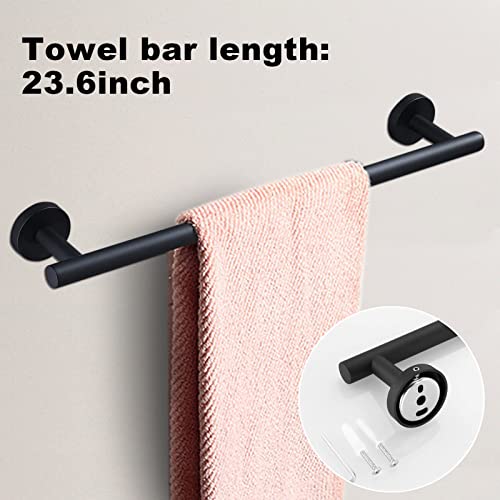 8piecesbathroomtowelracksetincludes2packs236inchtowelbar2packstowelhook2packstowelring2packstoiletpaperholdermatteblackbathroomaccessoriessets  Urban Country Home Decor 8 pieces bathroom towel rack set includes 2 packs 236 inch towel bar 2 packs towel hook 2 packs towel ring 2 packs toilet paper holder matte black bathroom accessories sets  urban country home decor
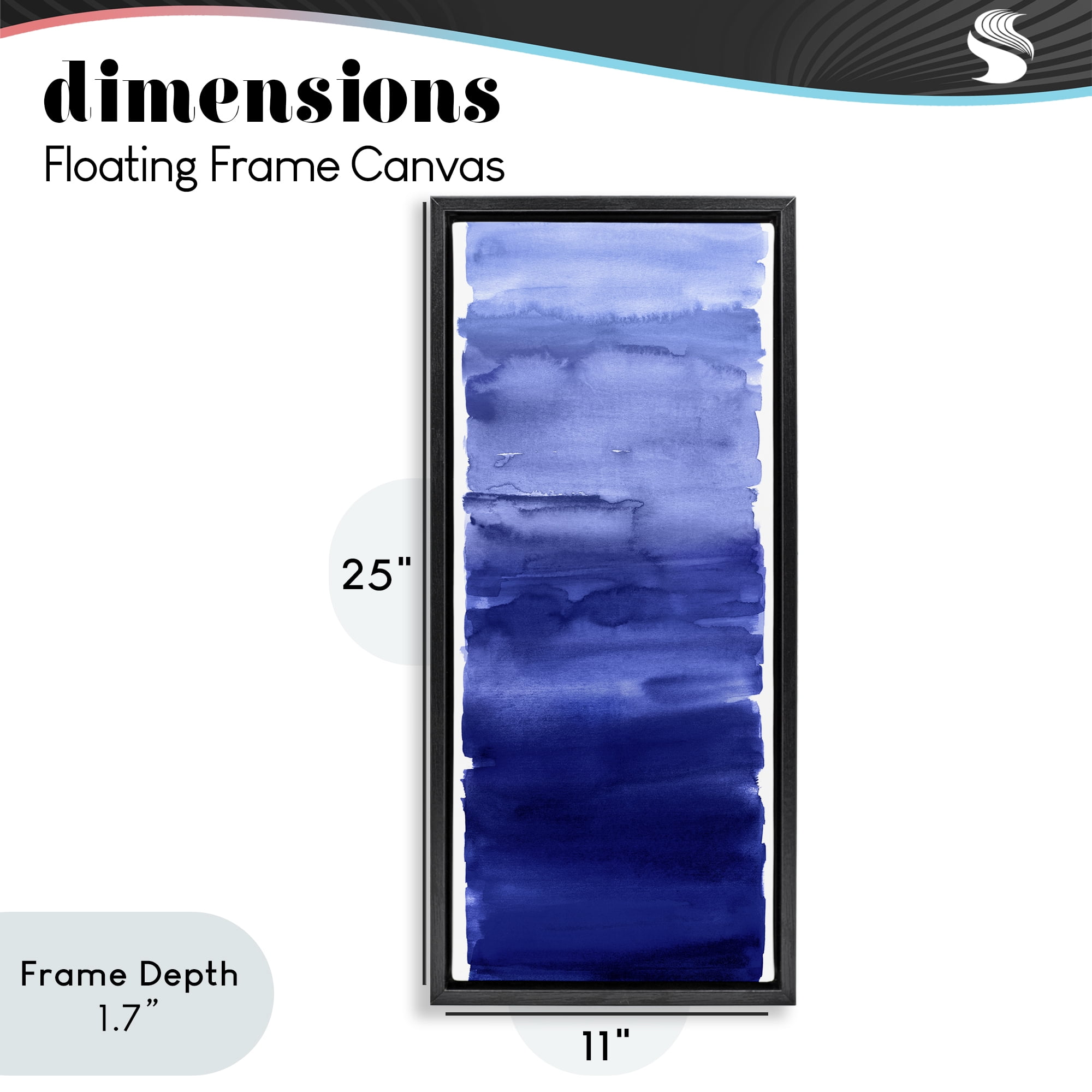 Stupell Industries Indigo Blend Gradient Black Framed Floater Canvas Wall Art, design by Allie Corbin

* * *

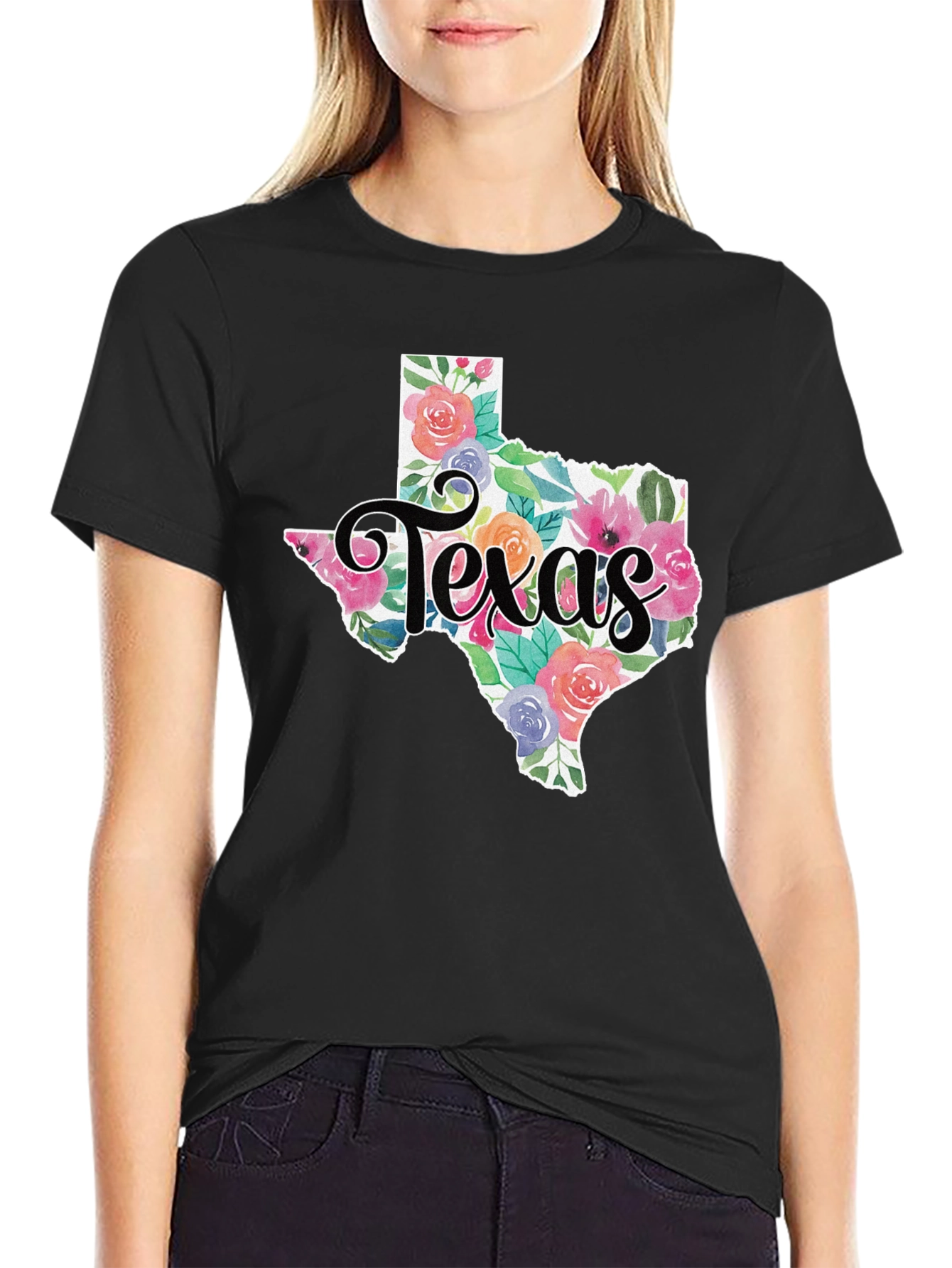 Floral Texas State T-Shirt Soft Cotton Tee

...

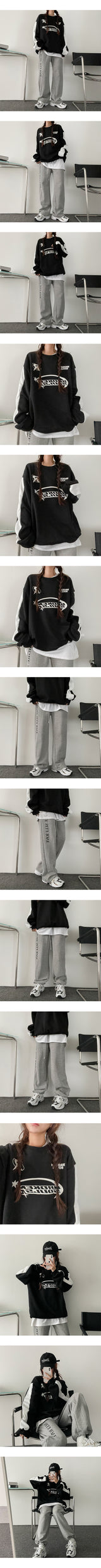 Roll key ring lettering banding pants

- Exercise brief
Everything above from the line that has "Home Decor 8" down to the line that has "Stupell Industries Indigo" should be output exactly, with both of those lines included. Leave the pictures behind.

- Your solution
 8piecesbathroomtowelracksetincludes2packs236inchtowelbar2packstowelhook2packstowelring2packstoiletpaperholdermatteblackbathroomaccessoriessets  Urban Country Home Decor 8 pieces bathroom towel rack set includes 2 packs 236 inch towel bar 2 packs towel hook 2 packs towel ring 2 packs toilet paper holder matte black bathroom accessories sets  urban country home decor
 Stupell Industries Indigo Blend Gradient Black Framed Floater Canvas Wall Art, design by Allie Corbin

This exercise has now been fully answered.